Describía el semanario alemán Der Spiegel en su último número un panorama del horror, apoyándose en testimonios de víctimas y opositores del llamado Estado Islámico en Siria e Irak.

Hablan esos testigos de decapitaciones en las plazas públicas, del secuestro rutinario de mujeres para convertirlas en esclavas sexuales de los combatientes, de continuos atentados contra la población civil, del cierre de facultades universitarias donde se enseñan disciplinas que contradicen supuestamente a la sharia como la filosofía, el arte, la musicología o el Derecho.

Hablan también de todo tipo de prohibiciones como las de consumir alcohol, escuchar música occidental, afeitarse en el caso de los hombres, la de descubrir cualquier parte del cuerpo, salvo los ojos, para las mujeres o simplemente llevar camisetas con cualquier imagen: ya sea la de Mahoma o el pato Donald.

Es un régimen ciertamente de terror el que se está instalando en unos países que van camino de convertirse, si no se han convertido irremediablemente ya, en eso que los norteamericanos gustan de llamar «Estados fallidos».

Y mientras el mundo se pregunta cómo es posible que todo eso, que recuerda por su fanatismo y ciega brutalidad las peores guerras de religión de la Edad Media, suceda en el siglo XXI, habría que echar la vista atrás y ver cómo se ha llegado ahí, cuáles son las causas y quiénes los primeros responsables.

Decía Walter Benjamin, refiriéndose al fascismo, que éste ofrecía siempre testimonio de una revolución fallida, y, salvadas las distancias entre los fascismos europeos y eso que los neoconservadores llaman islamofascismo, algo de verdad hay en aquella sentencia del filósofo alemán.

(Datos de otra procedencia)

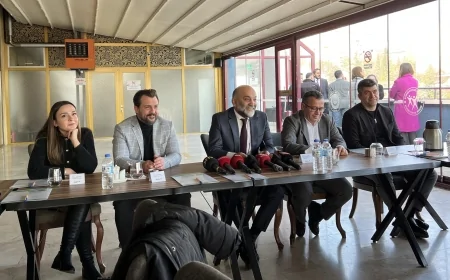 Etimesgut Belediye Başkan Yardımcısı Mutlu Kerimoğlu, Gazeteciler Gününü Kutladı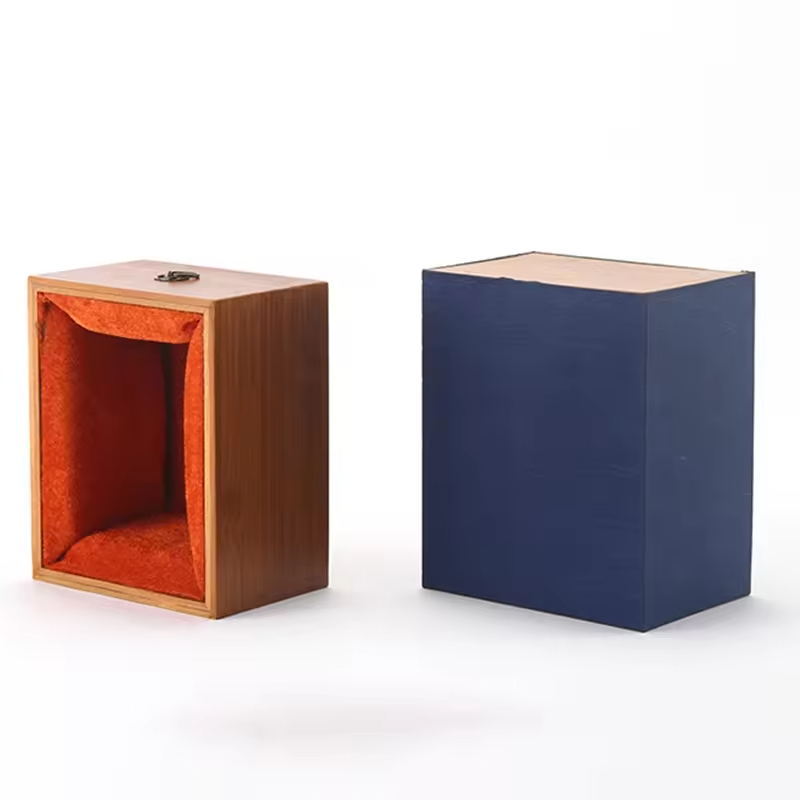 Luxury Custom Modern Wooden Packaging Storage Gift Box Unique Glossy Display Huina Brand Digital Printing for Home Decoration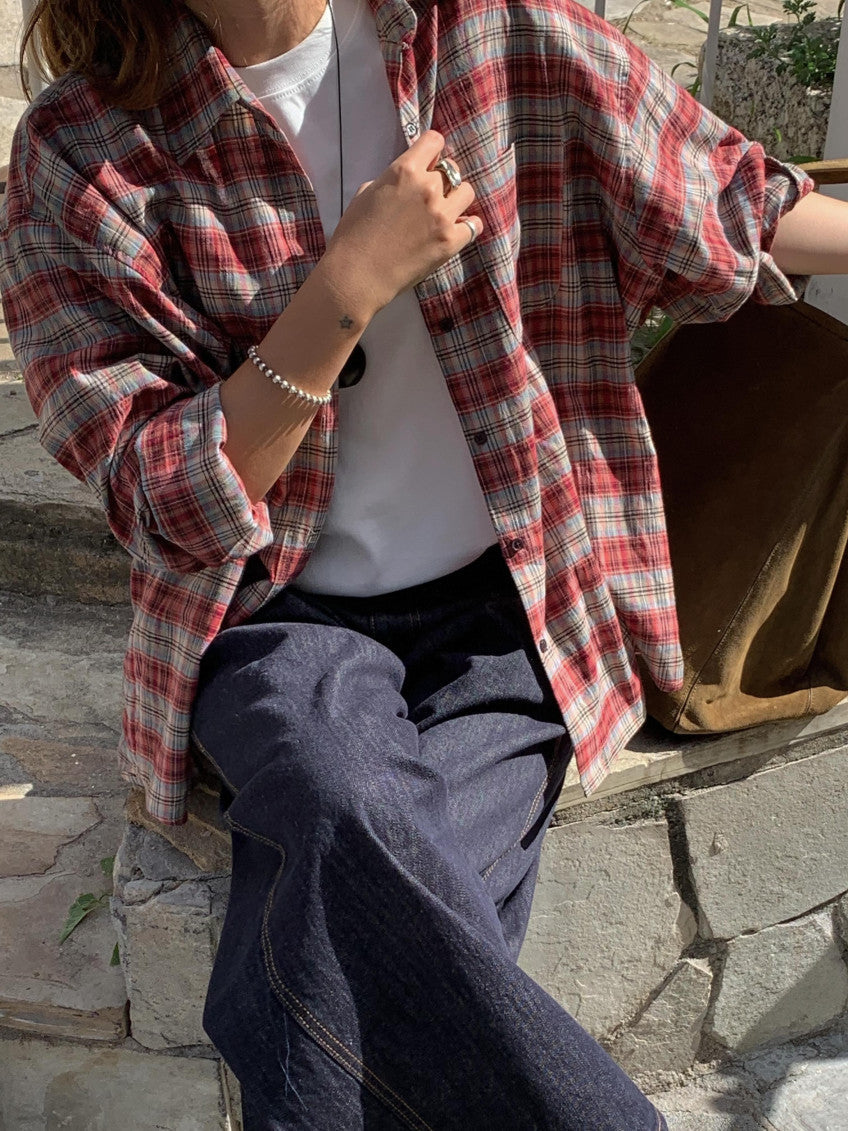 Cherry Checkered Shirt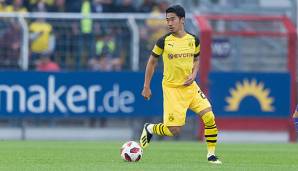 Shinji Kagawa ist einer der Aktivposten in der Dortmunder Mannschaft.
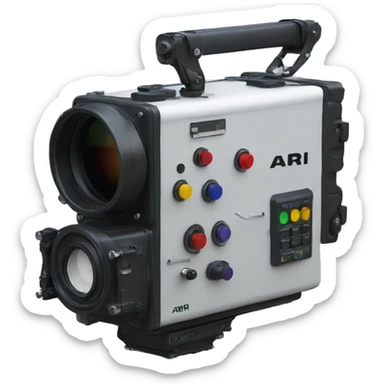 Arri WCU-4 Hand Unit sticker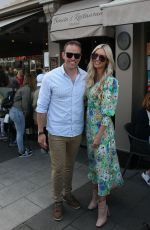 ROSANNA DAVISON and  Wes Quirke Out in Dalkey 08/27/2022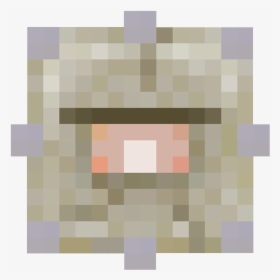 Elder Guardian Face - Minecraft Elder Guardian Face, HD Png Download, Transparent PNG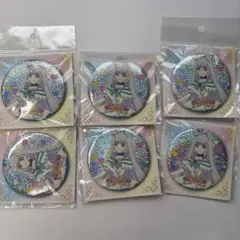 わんだふるぷりきゅあ 猫屋敷ユキ キュアニャミー 缶バッジ 遠鉄 紅葉
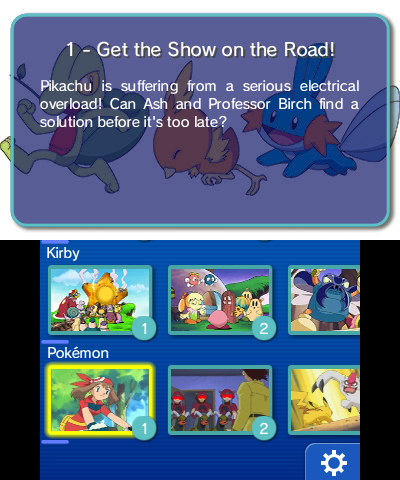 pokemon get the show on the road pokemon get the show on the road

En su lucha contra los regímenes de inspiración marxista como el de Afganistán o los de corte nacionalista surgidos de las revoluciones anticolonialistas que siguieron al final de la Segunda Guerra Mundial, Estados Unidos recurrió a la religión y al fundamentalismo religioso, jugando a aprendiz de brujo, es decir sin que parecieran importarle las consecuencias.

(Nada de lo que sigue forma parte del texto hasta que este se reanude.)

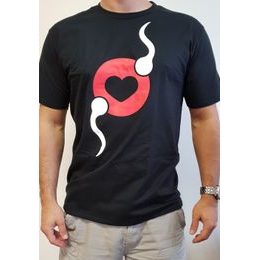 Men's t-shirt erotic fair pattern3 L
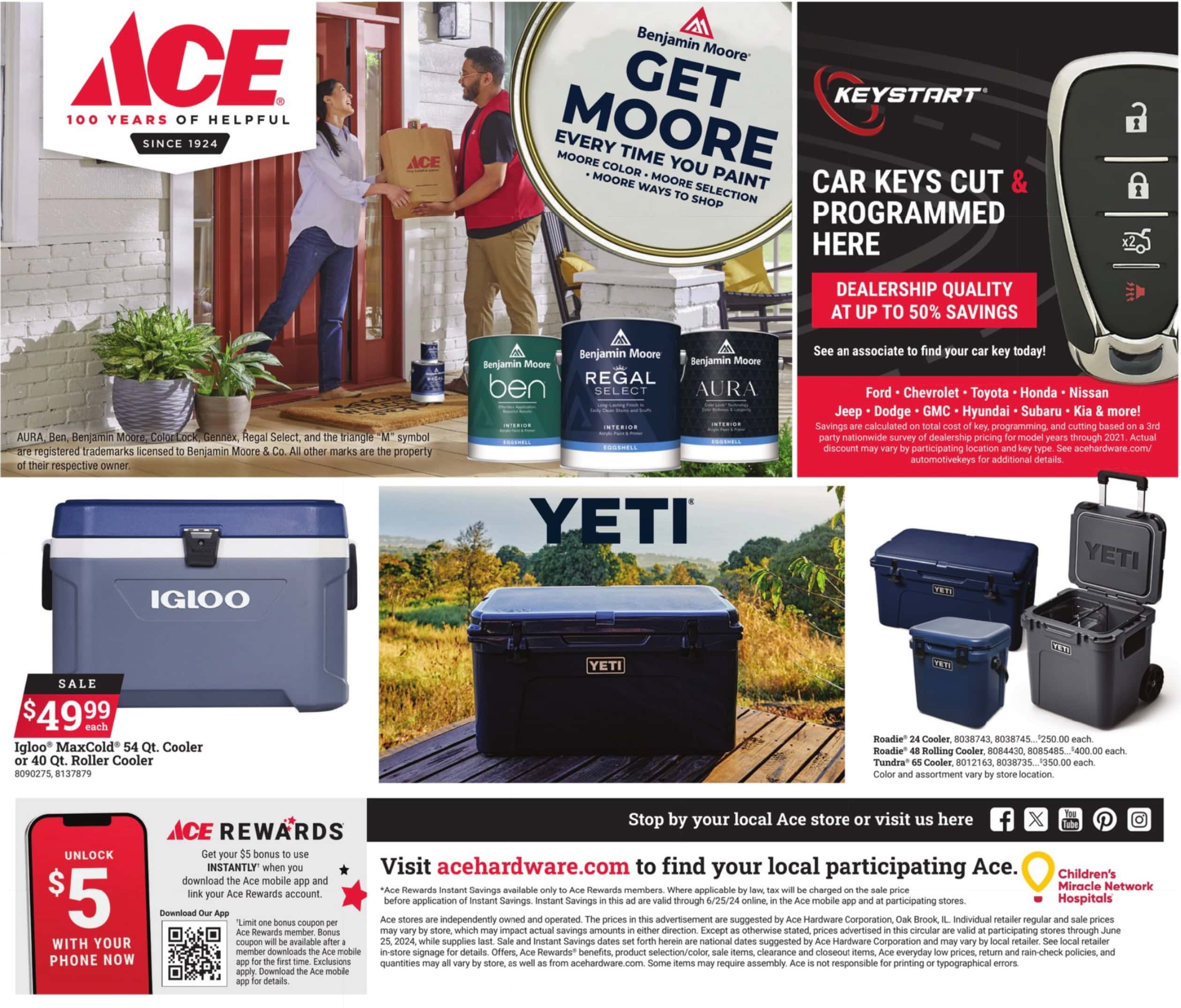 Ace Hardware July 2024 Weekly Sales, Deals, Discounts and Digital Coupons.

Lo vimos con los afganos, a los que el presidente Ronald Reagan, ansioso por acabar con un régimen de la órbita soviética, llamó en su día «luchadores de la libertad» y de los que luego saldrían los fanáticos talibanes, protegidos y protectores de Osama Bin Laden.

También en Palestina, donde Israel apoyó en un principio claramente a Hamás frente a la más moderada OLP de Arafat porque le convenía que la opinión pública mundial confundiese al pueblo palestino con su facción más radical, a la que poder luego tachar de terrorista para justificar la política anexionista de los territorios árabes.

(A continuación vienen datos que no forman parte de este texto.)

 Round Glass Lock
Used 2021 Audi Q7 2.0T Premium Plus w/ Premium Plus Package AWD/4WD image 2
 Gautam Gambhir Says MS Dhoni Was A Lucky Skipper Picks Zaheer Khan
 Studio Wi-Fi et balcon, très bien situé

Hemos visto cómo regímenes dictatoriales pero de corte laico como los de Sadam Husein en Irak o el libio del coronel Gadafi, que gozaron durante muchos años aliados del favor de Occidente gracias a su petróleo, perdieron de pronto ese favor con las consecuencias desastrosas que conocemos.

Y hemos sido testigos no sólo de la destrucción de esos países o de la vecina Siria, sino del avance simultáneo, en medio del caos allí reinante, que han sabido aprovechar los yihadistas, del Islam más fanático e intolerante, apoyado y alentado, todo hay que decirlo, por el wahabismo de Arabia Saudí.

Un Islam, como el que predica y trata de imponer el Estado Islámico, que, lejos de emancipar a la mujer, como ocurría bajo los anteriores regímenes laicos, la invisibiliza y convierte en simple esclava del hombre, como sucede en las monarquías del Golfo, que tanto nos gustan porque calman nuestra sed de petróleo y compran nuestras armas de última generación.

Algunos de los testimonios de dentro del Estado Islámico hablan de la venta de mujeres, muchas de ellas menores de edad, para solaz de los combatientes, lo que recuerda a las coreanas, filipinas y otras mujeres asiáticas utilizadas para esos mismos fines por los militares japoneses en la Segunda Guerra Mundial.

Y mientras denunciamos las decapitaciones y otros actos de barbarie del Estado Islámico, seguimos apoyando a un país como Arabia Saudí, que decapita también, aunque no sea con igual publicidad, y encarcela y da latigazos a sus disidentes, sólo porque firmamos substanciales contratos con su feudal monarquía.